Google Acquires reCAPTCHA
Google announced this morning they would be acquiring reCAPTCHA. This exciting acquisition makes a lot of sense. One of the original reasons (if not the original reason) for developing CAPTCHA was to ensure the person on your website or application was human. BOTS would crawl through the internet and create posts and forum topics, etc., to distribute SPAM and BOTS across sites. CAPTCHA would step in by displaying an image which only a human could decipher/respond to (usually), and then ask them to type in a word or several words to ensure they were HUMAN.
This is where the brilliance of this acquisition from Google comes in. As people are typing out these CAPTCHA images to register on Facebook or create a GMAIL account, etc., then reCAPTCHA can display old newspapers and books that need text conversion completed. This essential process enables a free workforce to do easy (but labor-intensive) work for the company that hires reCAPTCHA!

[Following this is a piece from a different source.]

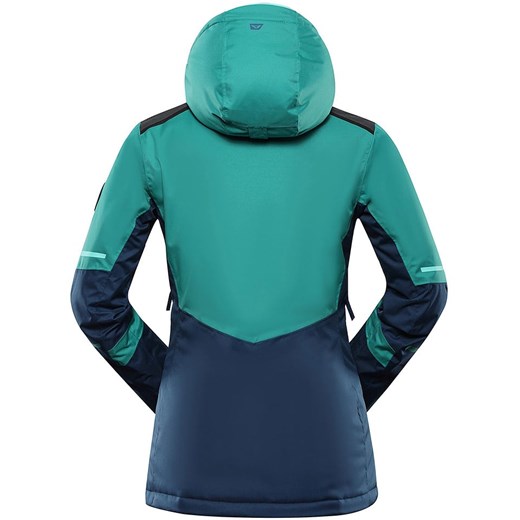 Kurtka damska Alpine Pro krótka turkusowa z kapturem sportowa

Since Google has been in the business of INDEXING the world, including old Books and Magazines, it will now have access to a FREE workforce to help translate and perfect its OCR technology. Like I said, brilliant.
bookwormJR
September 17, 2009 at 8:56 am
Wow that really is brilliant, for two reasons.
1. That they were able to convert scanned images from old literature into captcha text.
2. They’ll get people to convert it to type for free by doing something nearly every site out there requires now.
MrGroove
September 17, 2009 at 9:04 am
@bookwormJR,
Exactly – the reCAPTCHA site has some good info on it regarding the mass scale of CAPTCHA today – http://recaptcha.net/learnmore.html
Here’s a excerpt which details the shear scale of CAPTCHA and the possible workforce available for these puzzles / translation:
shockersh
September 18, 2009 at 8:50 am
Aye… pretty smart. I think I want some cash out of the deal if I’m gonna be doing OCR for them! :) :)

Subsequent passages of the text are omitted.